Il y avait des raisons de se satisfaire de la chute de Bachar el-Assad. Il a commis des crimes effroyables et a été pour partie à l’origine de la création de Daesh. Néanmoins, il y a eu une part de naïveté sur ce qu’était la coalition des forces qui avait pris le pouvoir. Dans cette coalition nous trouvons à la fois des vrais opposants au régime depuis toujours, des terroristes repentis – dont le chef actuel du gouvernement – des Turkmènes qui s’en prennent aux Kurdes… Ces derniers jours des exactions contre les Alaouites ont été relevées.
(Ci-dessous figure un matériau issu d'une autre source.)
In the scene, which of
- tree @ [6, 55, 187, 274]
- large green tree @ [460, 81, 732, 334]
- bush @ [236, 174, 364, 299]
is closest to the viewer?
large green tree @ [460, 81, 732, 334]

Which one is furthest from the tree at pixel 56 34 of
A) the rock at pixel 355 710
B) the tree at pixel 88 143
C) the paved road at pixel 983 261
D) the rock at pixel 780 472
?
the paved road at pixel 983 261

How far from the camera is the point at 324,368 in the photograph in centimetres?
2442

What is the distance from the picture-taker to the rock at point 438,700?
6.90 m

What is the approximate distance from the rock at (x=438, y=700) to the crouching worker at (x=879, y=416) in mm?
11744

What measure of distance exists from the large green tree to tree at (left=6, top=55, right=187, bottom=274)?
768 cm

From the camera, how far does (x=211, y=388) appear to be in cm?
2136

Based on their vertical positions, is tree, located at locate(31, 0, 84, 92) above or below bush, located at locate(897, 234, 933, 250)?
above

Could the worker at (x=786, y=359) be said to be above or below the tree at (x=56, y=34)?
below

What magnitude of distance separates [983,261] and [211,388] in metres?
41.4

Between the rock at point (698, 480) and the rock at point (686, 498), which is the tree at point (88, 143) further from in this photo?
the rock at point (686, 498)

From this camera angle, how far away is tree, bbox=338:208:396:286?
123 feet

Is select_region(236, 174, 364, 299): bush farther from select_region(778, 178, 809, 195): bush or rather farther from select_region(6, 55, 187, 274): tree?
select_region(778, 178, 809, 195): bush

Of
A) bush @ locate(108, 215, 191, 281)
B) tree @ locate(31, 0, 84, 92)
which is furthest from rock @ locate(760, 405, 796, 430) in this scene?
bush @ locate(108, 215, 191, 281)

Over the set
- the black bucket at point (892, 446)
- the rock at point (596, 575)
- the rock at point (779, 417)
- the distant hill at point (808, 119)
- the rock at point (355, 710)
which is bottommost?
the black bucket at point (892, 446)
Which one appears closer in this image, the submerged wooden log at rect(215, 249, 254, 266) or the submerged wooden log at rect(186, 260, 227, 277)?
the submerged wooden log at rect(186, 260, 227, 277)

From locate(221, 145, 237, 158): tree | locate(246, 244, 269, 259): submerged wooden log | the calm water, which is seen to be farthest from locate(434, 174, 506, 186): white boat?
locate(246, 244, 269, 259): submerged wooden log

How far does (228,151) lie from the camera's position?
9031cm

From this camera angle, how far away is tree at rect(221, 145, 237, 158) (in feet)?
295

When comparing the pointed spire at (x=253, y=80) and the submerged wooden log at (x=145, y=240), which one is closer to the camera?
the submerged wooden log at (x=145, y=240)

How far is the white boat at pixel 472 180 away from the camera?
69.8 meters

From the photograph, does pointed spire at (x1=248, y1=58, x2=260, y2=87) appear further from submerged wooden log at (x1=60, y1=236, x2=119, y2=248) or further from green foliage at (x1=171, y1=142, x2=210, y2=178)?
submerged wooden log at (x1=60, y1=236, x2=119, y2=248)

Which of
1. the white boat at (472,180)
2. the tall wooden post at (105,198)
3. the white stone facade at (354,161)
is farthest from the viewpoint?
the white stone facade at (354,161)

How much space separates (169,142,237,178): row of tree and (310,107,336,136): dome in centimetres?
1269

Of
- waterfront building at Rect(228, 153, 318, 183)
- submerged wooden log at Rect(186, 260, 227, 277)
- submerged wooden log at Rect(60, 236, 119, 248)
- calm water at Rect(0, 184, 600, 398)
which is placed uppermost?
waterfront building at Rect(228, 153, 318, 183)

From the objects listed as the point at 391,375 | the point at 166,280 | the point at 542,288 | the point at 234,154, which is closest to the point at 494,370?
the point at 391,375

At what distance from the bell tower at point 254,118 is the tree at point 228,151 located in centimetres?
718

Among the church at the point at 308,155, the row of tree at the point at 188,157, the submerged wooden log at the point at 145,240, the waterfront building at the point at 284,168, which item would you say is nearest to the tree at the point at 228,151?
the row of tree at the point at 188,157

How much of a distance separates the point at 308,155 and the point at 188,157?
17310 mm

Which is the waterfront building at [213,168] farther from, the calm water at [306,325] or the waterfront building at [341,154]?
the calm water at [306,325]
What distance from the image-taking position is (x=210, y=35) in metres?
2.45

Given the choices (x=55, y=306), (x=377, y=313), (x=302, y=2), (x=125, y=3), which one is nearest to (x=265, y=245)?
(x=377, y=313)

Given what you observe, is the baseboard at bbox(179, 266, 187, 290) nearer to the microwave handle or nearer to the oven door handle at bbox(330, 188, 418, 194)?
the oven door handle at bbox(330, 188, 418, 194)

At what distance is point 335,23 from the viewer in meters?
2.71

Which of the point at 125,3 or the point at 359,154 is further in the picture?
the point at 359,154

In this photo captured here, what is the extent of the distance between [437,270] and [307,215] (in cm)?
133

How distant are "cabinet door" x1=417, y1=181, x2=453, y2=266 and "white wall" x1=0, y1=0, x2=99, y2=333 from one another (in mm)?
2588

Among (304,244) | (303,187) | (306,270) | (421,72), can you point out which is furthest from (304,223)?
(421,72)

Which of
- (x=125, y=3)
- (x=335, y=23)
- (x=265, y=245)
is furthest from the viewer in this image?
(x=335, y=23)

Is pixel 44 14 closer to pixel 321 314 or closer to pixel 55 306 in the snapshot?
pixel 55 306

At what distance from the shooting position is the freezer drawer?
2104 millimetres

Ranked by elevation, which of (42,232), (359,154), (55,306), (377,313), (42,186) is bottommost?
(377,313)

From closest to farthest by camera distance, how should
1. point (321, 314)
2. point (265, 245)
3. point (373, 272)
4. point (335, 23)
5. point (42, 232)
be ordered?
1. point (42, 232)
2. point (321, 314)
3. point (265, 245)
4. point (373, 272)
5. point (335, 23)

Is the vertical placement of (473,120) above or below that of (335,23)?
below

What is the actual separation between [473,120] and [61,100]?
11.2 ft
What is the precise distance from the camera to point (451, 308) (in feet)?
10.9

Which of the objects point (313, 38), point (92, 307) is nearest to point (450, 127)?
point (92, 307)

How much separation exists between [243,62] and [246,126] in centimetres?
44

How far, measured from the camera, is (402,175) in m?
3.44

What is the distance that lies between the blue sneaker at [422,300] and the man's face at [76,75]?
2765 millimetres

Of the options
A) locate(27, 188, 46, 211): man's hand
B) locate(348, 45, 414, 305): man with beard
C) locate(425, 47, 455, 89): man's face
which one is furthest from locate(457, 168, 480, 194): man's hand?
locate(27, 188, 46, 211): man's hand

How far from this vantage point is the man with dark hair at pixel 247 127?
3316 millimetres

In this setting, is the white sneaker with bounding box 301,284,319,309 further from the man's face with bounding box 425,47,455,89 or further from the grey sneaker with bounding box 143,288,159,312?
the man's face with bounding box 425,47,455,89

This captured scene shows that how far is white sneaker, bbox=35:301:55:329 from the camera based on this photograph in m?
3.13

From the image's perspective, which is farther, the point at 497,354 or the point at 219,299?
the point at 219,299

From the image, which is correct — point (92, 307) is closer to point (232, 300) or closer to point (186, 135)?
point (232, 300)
Je suis à la fois très attentif à ce que ne se reproduisent pas des règlements de comptes et à ce que soit stabilisé le nouveau régime. Il n’est pas possible de lever les sanctions si on n’a pas ces garanties-là. Les Français ont un lien historique et humain avec la Syrie. Elle doit être sévère si des exactions sont commises, protectrice s’il faut accueillir des populations qui pourraient être victimes de ces agressions et aussi disponibles pour assurer la mutation démocratique de la Syrie.
Il ne faut pas chercher toujours la perfection, mais le progrès.
Ayant exercé la fonction de président de la République, seriez-vous d’accord pour dire que « le mieux est l’ennemi du bien » ?
Oui, c’est un principe qui se révèle assez juste dans beaucoup de domaines, c’est-à-dire qu’il ne faut pas chercher toujours la perfection, elle n’est pas nécessairement de ce monde. Il faut chercher le progrès, ce qui n’est pas tout à fait la même chose. C’est-à-dire penser que le progrès est un chemin linéaire – même s’il peut y avoir quelquefois des bifurcations. Faire que nous puissions faire avancer l’humanité étape par étape. Tel est l’enjeu de la politique.
Le gouvernement de François Bayrou peut-il parvenir à progresser d’ici à 2027 sur des sujets importants, comme l’éducation, la sécurité ou la retraite ?
Il n’a ni ces objectifs ni les moyens d’y parvenir… Dans sa situation politique, les grandes réformes me paraissent difficilement à sa portée. À partir de là, il lui revient de gérer le pays au mieux, d’éviter les régressions et de donner sa chance au dialogue social, ce qui s’est ouvert pour les retraites. Quand un gouvernement n’a pas de majorité, il lui revient de s’appuyer sur la société, c’est elle qui va lui donner la force dont il manque.
D’ailleurs, sur la retraite, certains ont été étonnés qu’après votre quinquennat, vous vous inscriviez dans un programme ou une ambition de la ramener à l’âge de 60 ans…
Non, je n’ai jamais pris cette position. J’ai fait voter la réforme dite Touraine dont l’objectif était d’allonger la durée de cotisation – c’est à mon avis le meilleur des systèmes dans un régime de répartition –, garder l’âge de 62 ans – même si on sait qu’un certain nombre de nos compatriotes partent après – mais permettre aussi à ceux qui ont travaillé longtemps de partir avant. C’est pour cette raison que la borne d’âge n’est pas le système le plus juste.
Si vous pensez que la démocratie ne va pas bien, qu’il y a un risque pour l’avenir du pays, alors engagez-vous.
Auriez-vous des conseils à donner aux jeunes qui veulent s’engager dans la chose publique ?
Oui, adhérer à un parti politique. C’est ce que vous avez de mieux à faire. Si vous pensez que la démocratie ne va pas bien – ce qui est vrai –, si vous pensez qu’il y a un risque pour l’avenir du pays, alors engagez-vous.
Propos recueillis le 24/03/2025 par Albert Ghazaryan.